H. Mahmud Sapsal Barugae
Langkah-langkah
pembinaan akhlakul karimah
Sebagaimana telah diuraikan
pada pembahasan terdahulu bahwa pembinaan akhlakul karimah
adalah suatu usaha yang diarahkan kepada pembentukan sikap mental yang
senantiasa terjabarkan dalam kehidupan sehari-hari dan sesuai dengan ajaran
agama Islam, justeru itu sangat urgen untuk ditrapkan kepada
anak-anak secara dini, yaitu sejak dalam lingkungan keluarga, dengan
memperhatikan tingkat kecerdasan dan kemampuan anak dalam menerima arahan atau
pembinaan mental.

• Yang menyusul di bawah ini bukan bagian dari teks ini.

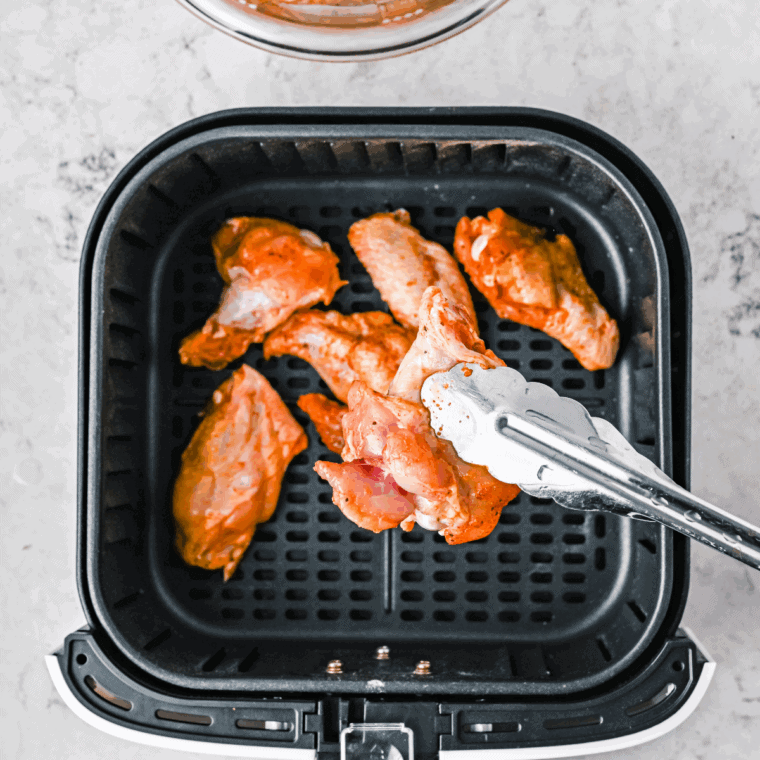 Drizzle chicken wings with olive oil, season with salt, garlic powder, onion powder, black pepper, and thyme, then toss to coat.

Untuk itulah penulis akan menguraikan tahap-tahap pembinaan
akhlakul karimah menurut fase-fase perkembangan
manusia/anak, sebagai berikut :
1) Fase
Persiapan
a( Pada saat memilih jodoh, hal ini dapat dipahami dari hadits
Nabi sebagai berikut :
تنكح المرأة لأربع لمالها ولحسبها ولجمالها ولدينها فاظفر
بذات الدين ترتب يداك
Artinya : Wanita itu dinikahi karena empat hal, yaitu karena hartanya,
keturunannya, agamanya dan karena kecantikannya dan utamakan karena agamanya.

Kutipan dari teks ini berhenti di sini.